DIE KRITIK: Die geheimnisvollste Figur in „Molly’s Game“ ist ein Poker-Enthusiast namens Spieler X. Der ist, so erfährt man, ein berühmter Hollywood-Megastar, dessen Identität aber nicht gelüftet wird. Der Spieler X (gespielt von Michael Cera) beschreitet am Kartentisch oft die Siegerstraße. Dann sagt er seltsame Sätze wie „gewonnenes Geld ist doppelt so viel wert wie erarbeitetes Geld.“ Oder er bekennt in einer bösen Beichte: „Ich mag das Pokern nicht – aber ich zerstöre gerne Leute.“
Gar so anonym ist der Spieler X übrigens nicht. Laut Wikipedia ist er eine Mixtur aus Tobey Maguire, Leonardo DiCaprio, Ben Affleck und anderen Hollywood-Helden, die bei der echten Molly Bloom zum Pokern geladen waren. Gegen das entsprechende Kleingeld, versteht sich.
Das Buy-In, der Mindesteinsatz, beträgt zu Beginn des Films 10.000 Dollar pro Person. Um im Lauf der Zeit auf 250.000 Dollar zu steigen. Wieder pro Person. Dann hört man Sätze wie „Gib‘ mir noch mal 500.000 Dollar.“ Alles kein Problem. Die Spieler haben es ja. Und wenn sie es nicht mehr haben, dann sind sie ruiniert.

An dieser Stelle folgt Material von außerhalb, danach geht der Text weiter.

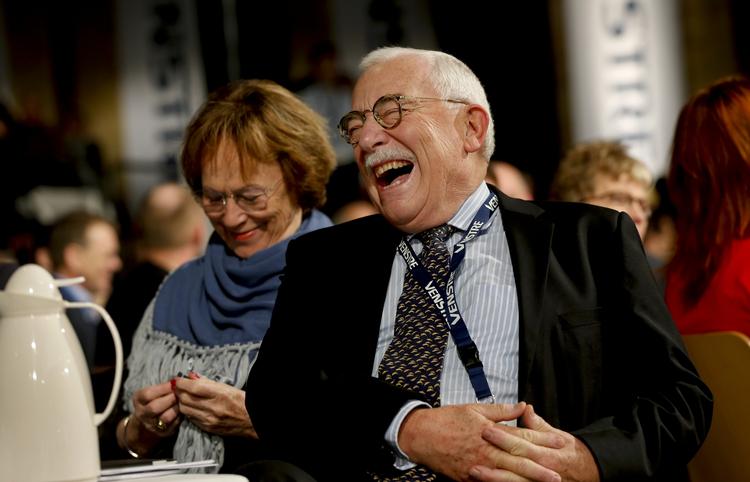 Haha. Venstres 'funny guy' Claus Hjort Frederiksen skaber latter hos Venstres 1.300 landsmødedeltager - heriblandt Uffe Ellemann-Jensen. 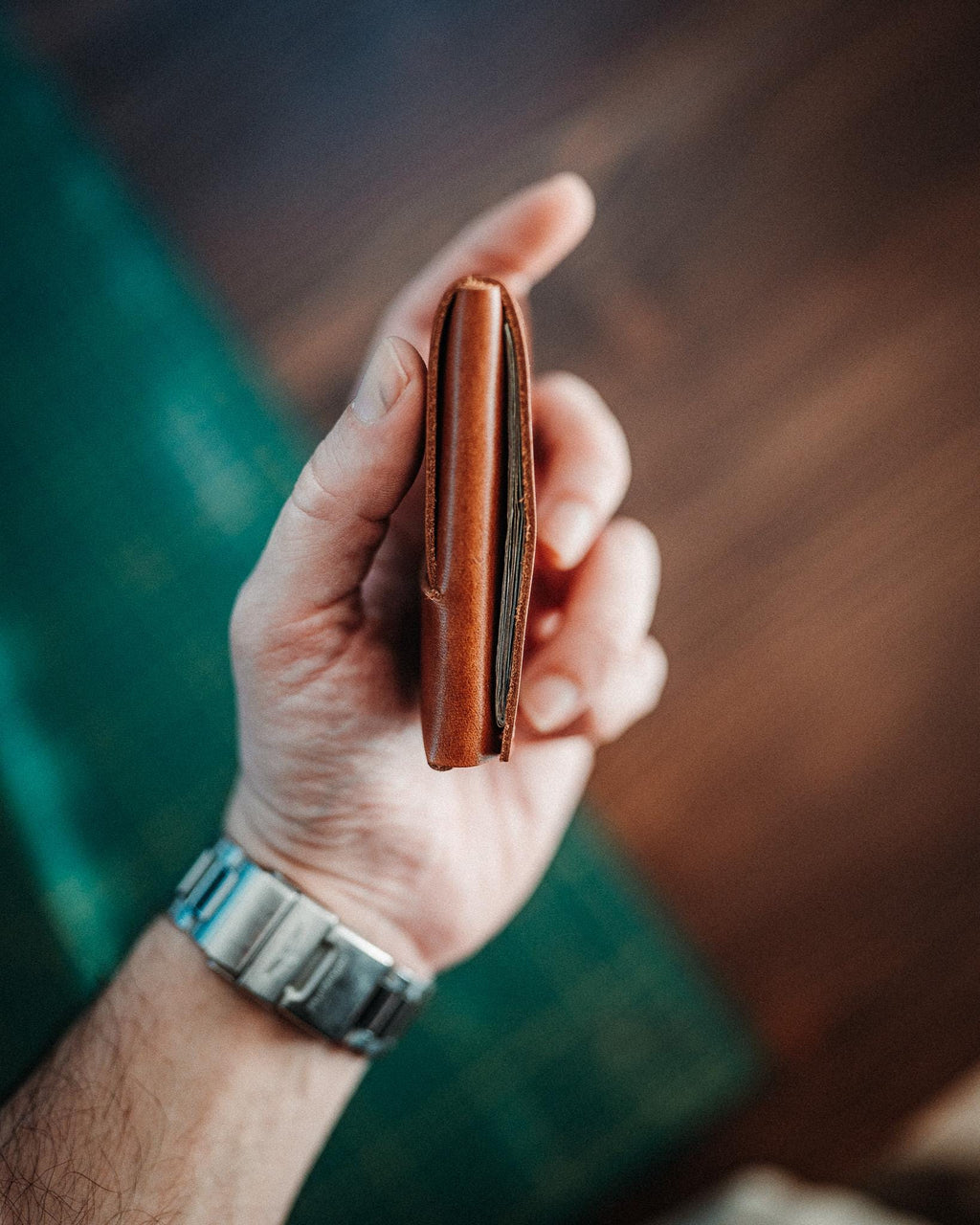World’s Most Minimalist Leather Wallet – XL Glossy Edition, Slim Handmade Card Holder for Men & Women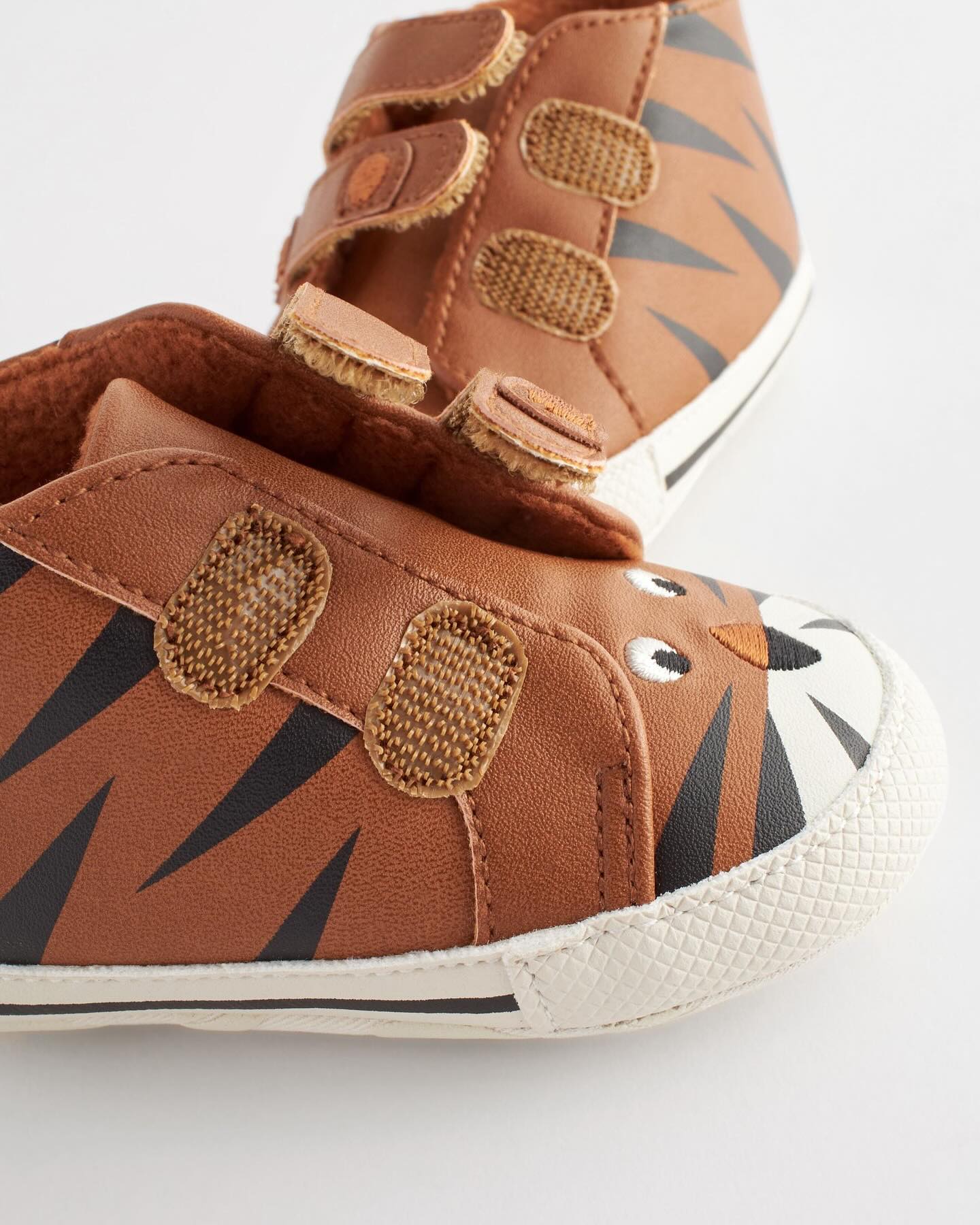 Tan Brown Tiger Shoes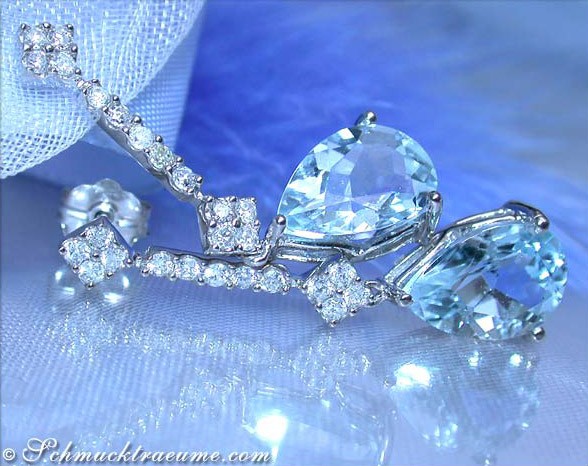 Feine Aquamarin-Ohrstecker mit Diamanten in Weißgold 585, Detailaufnahme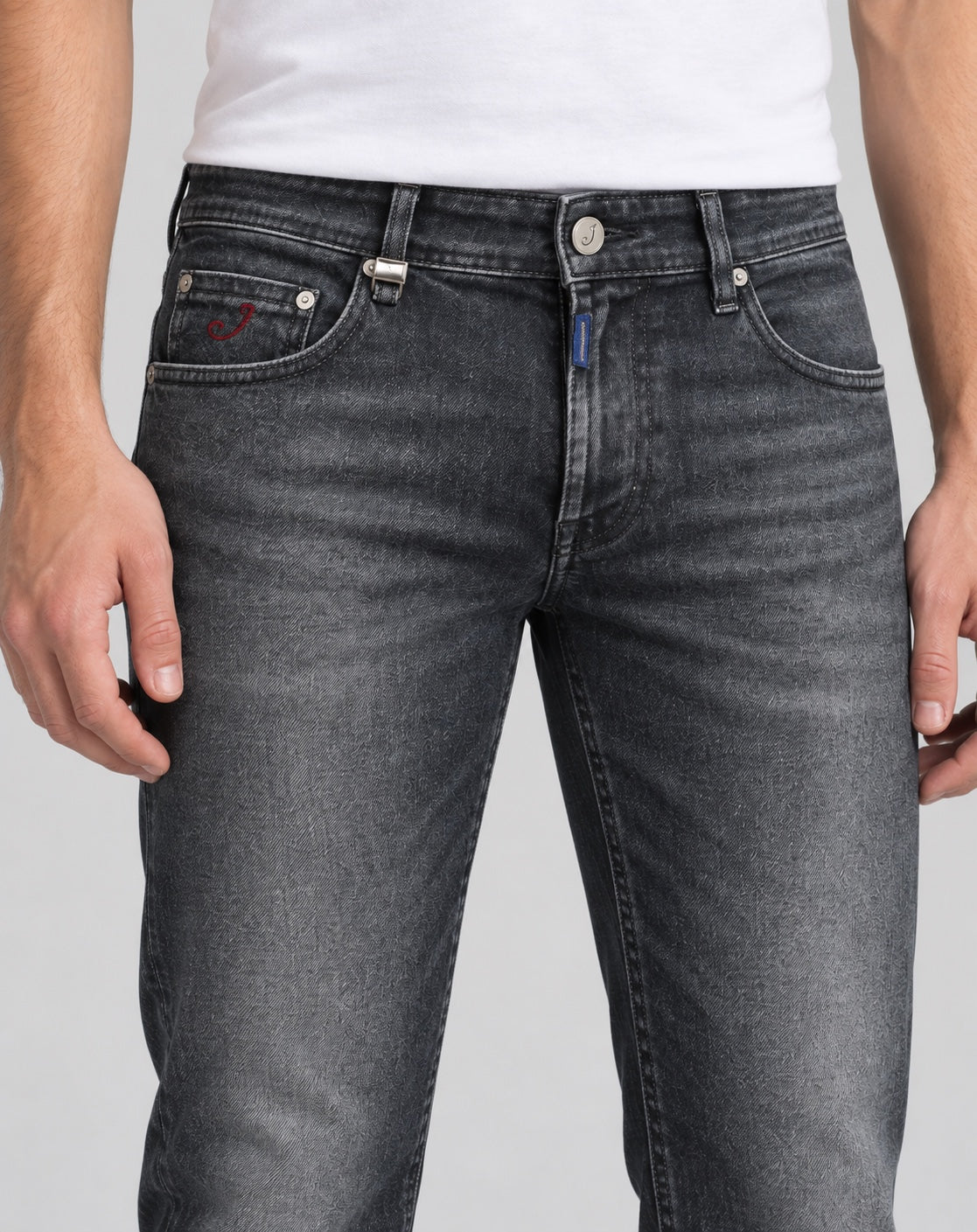 Men’s Straight-Fit Jeans – Smoky Charcoal Grey - front detail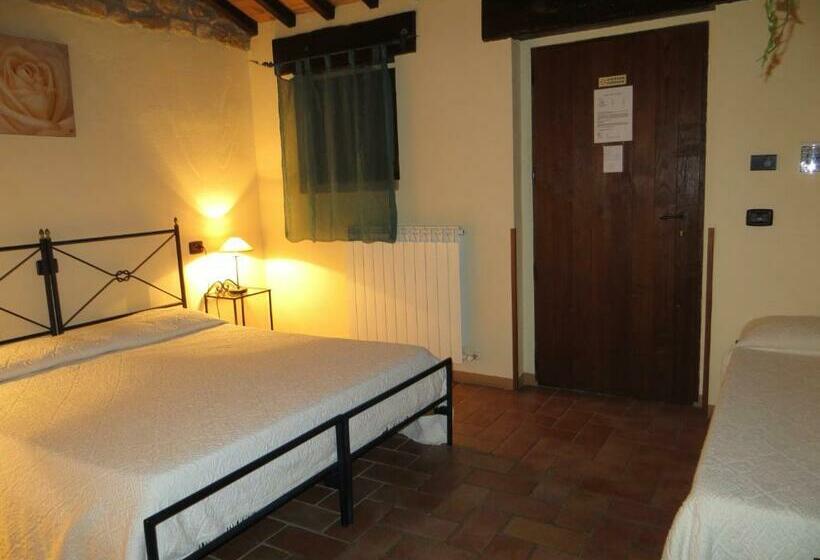 اتاق استاندارد سه نفره, Agriturismo Casale Delle Lucrezie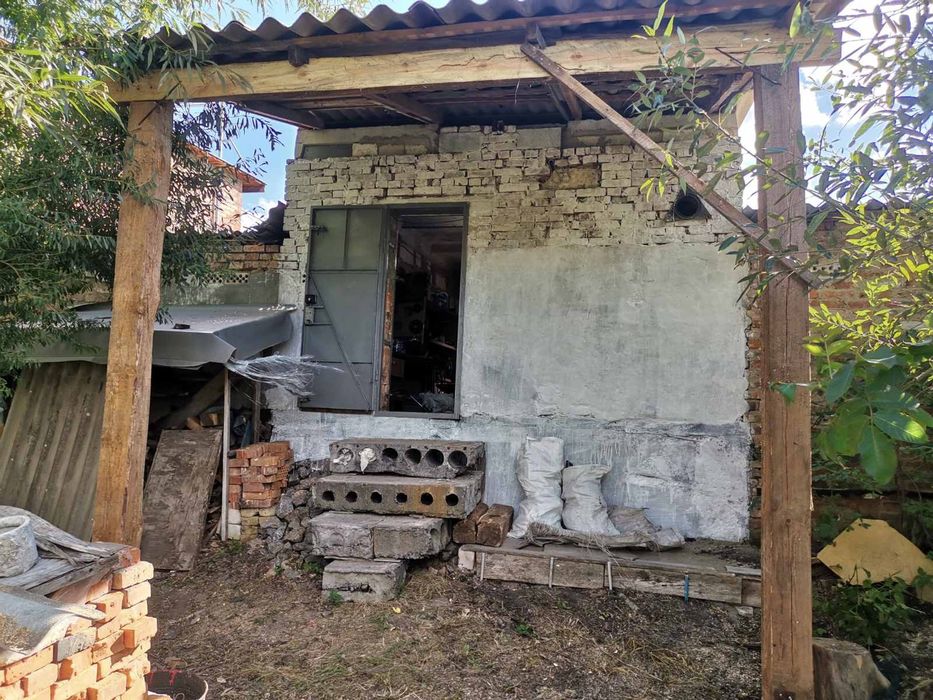 Гараж, тяжилів . Вихід до річки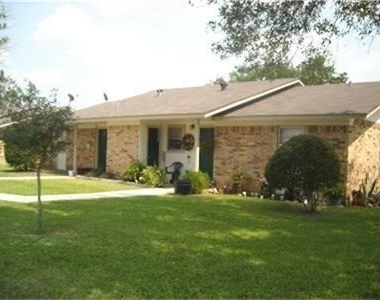 100 Betty Jean Drive - Photo Thumbnail 1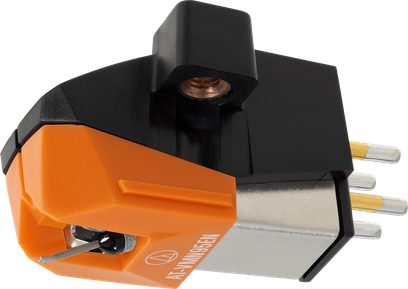 Audio-Technica-Tonabnehmer AT-VM95EN in orange-schwarzem Kunststoff, silbernem Metallgehäuse, sichtbarer Abspielnadel und vier goldfarbenen Anschlussstiften auf der Rückseite, perspektivische Ansicht von vorne links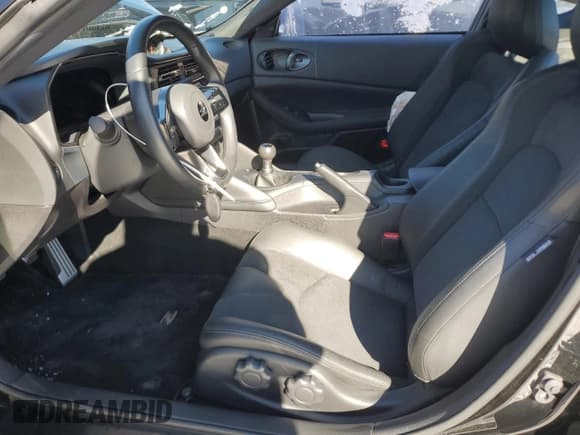 ✅ 2024 Nissan Z Performance • VIN: JN1BZ4BH5RM360916 • Lot: 45556675. Wystawiony na Copart z przebiegiem 7 004 mil. Bezpłatny archiwum sprzedaży aukcyjnych z USA i szczegółowy raport historii pojazdu na DreamBid. Zdjęcie 7.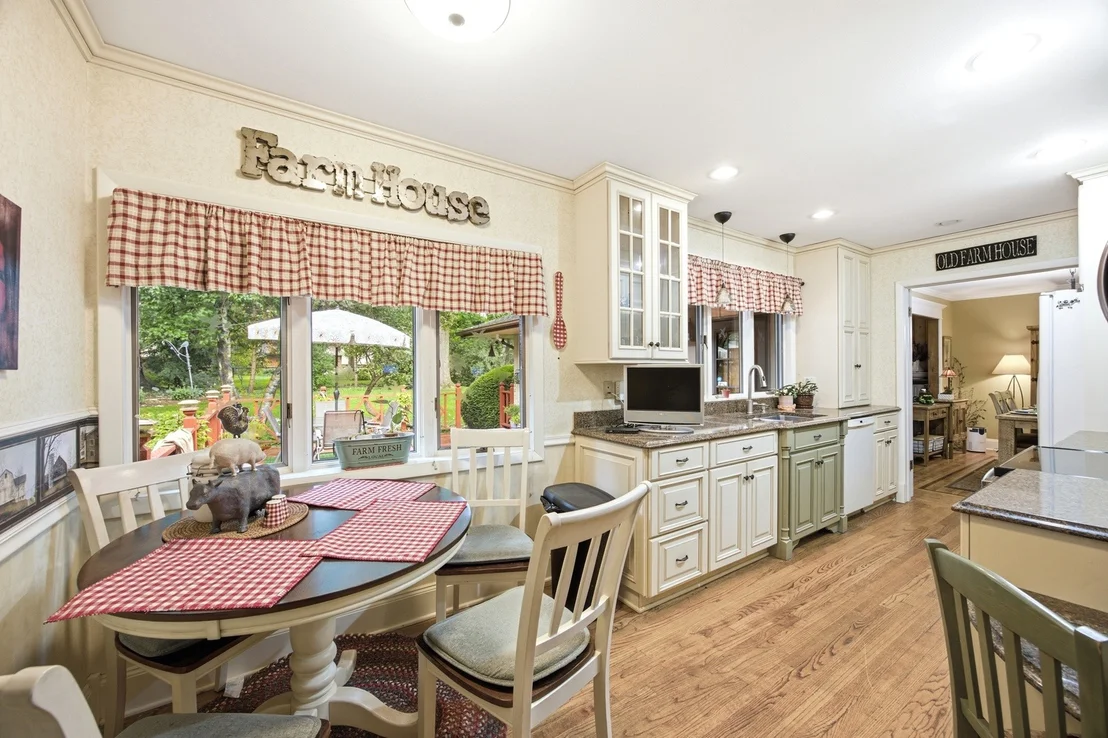 Photo of 1215 Forest Drive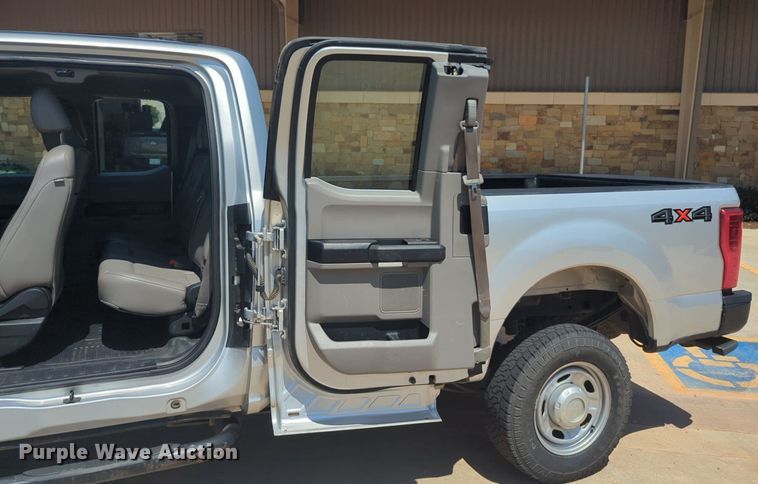 image for item NW9724 2018 Ford  F250 Super Duty SuperCab pickup truck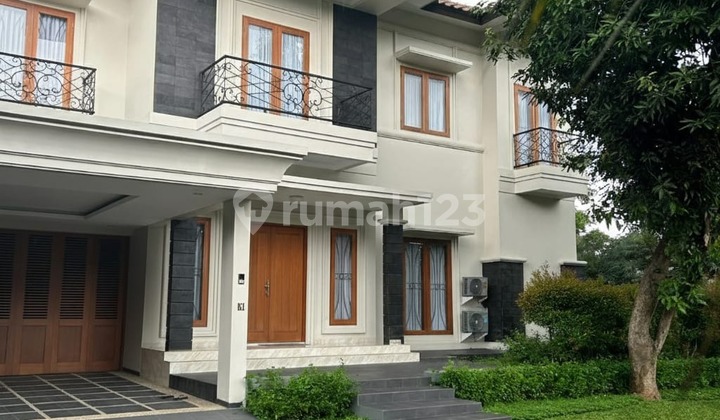 Rumah design Moderen Klasik di Senayan Bintaro - PR 16454 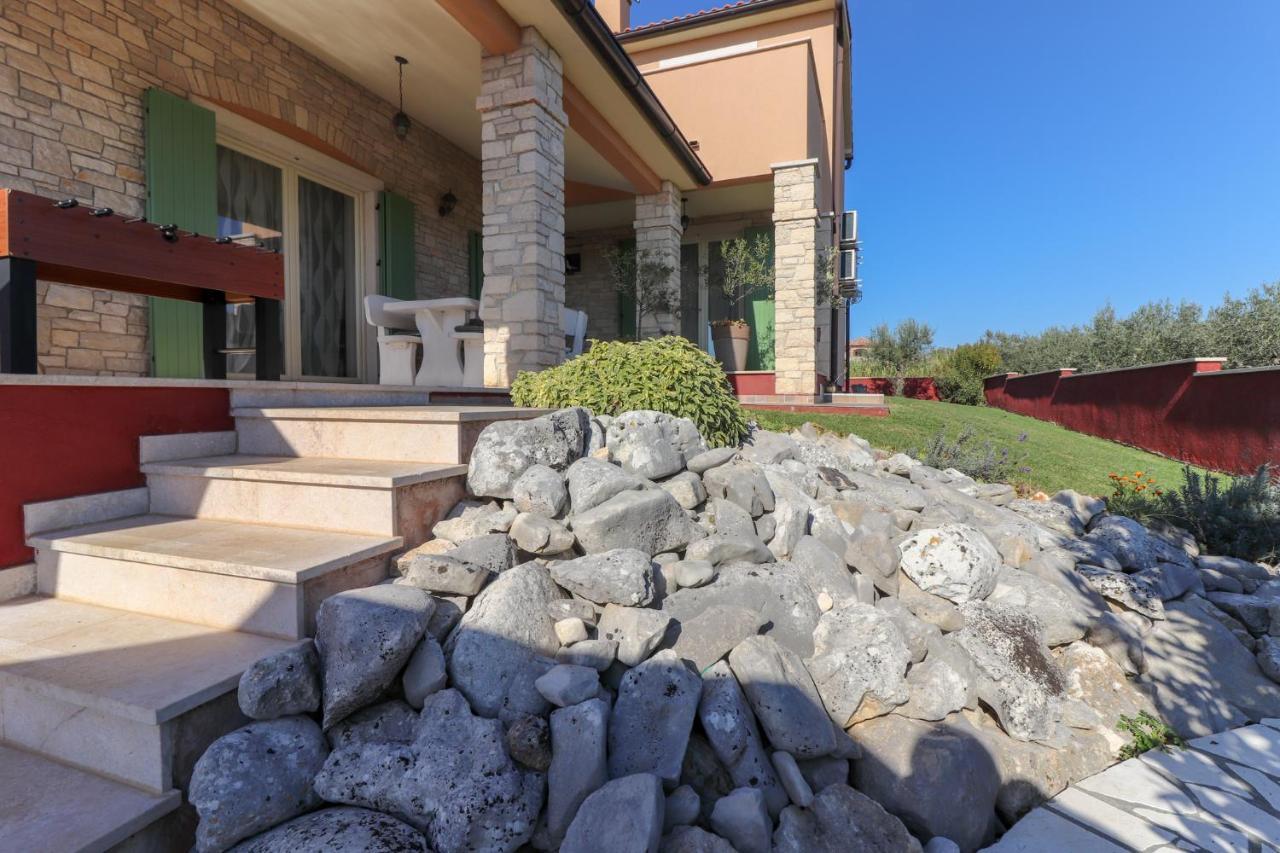 Villa Nona Marija Sveti Lovreč Pazenatički Kültér fotó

Man muss das Spielen und die Spielsucht irgendwie faszinierend finden, um an „Molly’s Game“ richtig Spaß zu haben. Ist das nicht der Fall, so stehen einem bald die Haare zu Berge angesichts der Dekadenz, mit der hier die Jahres- oder gar Lebens-Einkommen durchschnittlicher Bürger binnen Minuten die Besitzer wechseln.
Jessica Chastain macht auf der Leinwand bald klar, dass ihre unterkühlte Molly Bloom, die spätere „Poker-Prinzessin“, im Grunde wenig mit dem Pokern am Hut hat. Durch Zufall in die Szene geraten, ist das Kartenspiel für sie ein Trojanisches Pferd, auf dessen Rücken sie in die Welt der Reichen und Berühmten einreitet.
Die Ex-Sportlerin Bloom findet diese neue Welt zum Staunen. Und sie gewöhnt sich rasch daran, dass bei jedem Poker-Abend, den sie veranstaltet, hohe Summen in ihre Taschen fließen. Als Trinkgeld; als Honorar für ihre Gastfreundschaft.
Autor/Regisseur Aaron Sorkin wechselt geschickt zwischen den verschiedenen Schauplätzen seiner Geschichte hin und her. Mollys Poker-Aktivitäten, erst in L. A. und dann in New York, bilden das Rückgrat der Story. In Rückblenden geht’s manchmal mit der jungen Molly auf die Skipiste. Und in Zwiegesprächen von erlesener Qualität raufen sich Jessica Chastain und Idris Elba als Klientin und Rechtsanwalt zusammen, die sich gemeinsam gegen Mollys Strafverfolger stellen.
Wie in allen Filmen Aaron Sorkins üblich, bietet „Molly’s Game“ ein Pointen-Ping-Pong der Extraklasse. Die Dialoge sind scharf, präzise und werden punktgenau serviert. Die Schauspieler haben es angesichts des gediegenen Materials leicht, zu glänzen – und der Regie-Novize Sorkin führt den Nachweis, dass er seine Drehbücher genauso virtuos zu inszenieren vermag wie andere Regisseure.
Was bleibt, ist die Frage nach dem Sinn. Der Film wanzt sich manchmal so begeistert an seine Pokerspieler ran, als würden Aaron Sorkin und der Rest der Crew am liebsten selbst mit am Tisch sitzen. Dann aber werden sehr ernsthaft moralische Argumente gegen die grenzenlose Gier und die Spielsucht erörtert.
In der Zielgerade landet „Molly’s Game“ schließlich bei einer Weisheit aus dem Schatzkästlein der Platitüden: Viel Geld macht den Menschen zwar reich. Aber nicht automatisch glücklich. Wer hätte das gedacht.
IDEAL FÜR: Poker-Fans, Jessica-Chastain-Fans, Aaron-Sorkin-Fans – und für alle, die sich Gedanken über Sinn und Unsinn des Glücksspiels machen wollen.